Well, I don't remember the order, but it was there was a security by Porto Alegre, São Paulo, Rio de Janeiro, Lima, Montevideo, Buenos Aires, Santiago. They were doing Kontakthof, I think.

Ricardo Viviani:

Stravinsky evening and Kontakthof which you probably had to learn?

Dominique Mercy:

No. Well, I did learn it but I didn't have to learn it then. Because Pina asked me to do the tour, but as an Inspizient [Stage Manager]. I was giving the cues for the lights and pulley chains. I don't remember doing it for the Stravinsky evening, but I was doing it for Kontakthof. Don't ask me why.

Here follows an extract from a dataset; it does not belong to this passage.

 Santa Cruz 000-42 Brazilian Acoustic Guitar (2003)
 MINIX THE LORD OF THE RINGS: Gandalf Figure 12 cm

But I still have all my notes regarding the fact that I was being stage manager for Kontakthof. I was dancing Sacre, yes, it's true. But I think there was no Café Müller yet.

Ricardo Viviani:

There was a Café Müller, but it was a three piece evening ...

Dominique Mercy:

Café Müller, Zweiter Frühling and Rite of Spring. Yeah. So that's it.

Ricardo Viviani:

Also in different orders.

Dominique Mercy:

That's what also the pattern we did in Israel: Café Müller, Zweiter Frühling and the Rite of Spring. So I was doing Sacre but there was nobody for ... , or I don't know why, I was the stage manager for Kontakthof. It was a beautiful tour, I remember. Anyway, I love South America. It was my second tour in South America because I have I've been doing a big tour with the Ballet Théâtre Contemporaine going to many places in South America.

Ricardo Viviani:

That was probably five years before?

Dominique Mercy:

Maybe more. It was probably in 1969, 70.

1:49:46

Ricardo Viviani:

This constellation Sacre and Café Müller. That's what I'm trying to piece together when those things came together. And there are also programs that list alternative casts for Café Müller in Colombia.

Dominique Mercy:

Alternative cast for Café Müller?

Ricardo Viviani:

Yes, in Colombia there are two names for the people.

Dominique Mercy:

Oh, you have to show me this.

Ricardo Viviani:

I found it very fascinating.

Dominique Mercy:

I can't remember. I remember Pina being replaced as she was pregnant.

Ricardo Viviani:

Israel.

Dominique Mercy:

Well, Israel. I remember Malou Airaudo being replaced already at that time for different reason. But for this tour? I think with the time it became more clear to Pina that it was time ... , or she didn't find the necessity to keep some pieces, when she started to build a repertory. From the eighties on, she realized that there were some pieces she felt that were not necessary to keep in the repertory. That's why, I mean she started with some of them, like Ich bring dich um die Ecke, and so forth and so on. But like Wind von West, was one of the first to be put on the side, and then with the time it was also clear that Zweiter Frühling didn't have a big reason to stay in the repertory. She found more interesting to confront Café Müller and Sacre with each other .

Ricardo Viviani:

Do you have any remembrance, parallel to the work on stage, how those experiences were nurturing what was to come?

Dominique Mercy:

I loved tango, but I think we made it as we went back to Buenos Aires Bandoneon. About the tango scene in Buenos Aires: we were more connected to it when we came back already with the piece, I think. But at that time, during this tour of course, you look for tango when we go to Buenos Aires, and then you try to connect to what makes the flair of a city, of a country. And they were all different, but I think also, probably has to do - but maybe I'm making a wrong step, this is something to be really careful with. But, Pina Bausch during this tour had met Ronald Kay in Santiago del Chile . And I think this South American culture, through Ronald Kay became more present for Pina, and all the music which you have in Walzer, which comes after Bandoneon is also somehow connected to Ronald because there is a lot of Colombian walzes and South American music involved. So, I think he's is also responsible for the title of Bandoneon, one of his first contribution to Pina's work. But it's not that we did parallel to the tour, specific work regarding a next creation.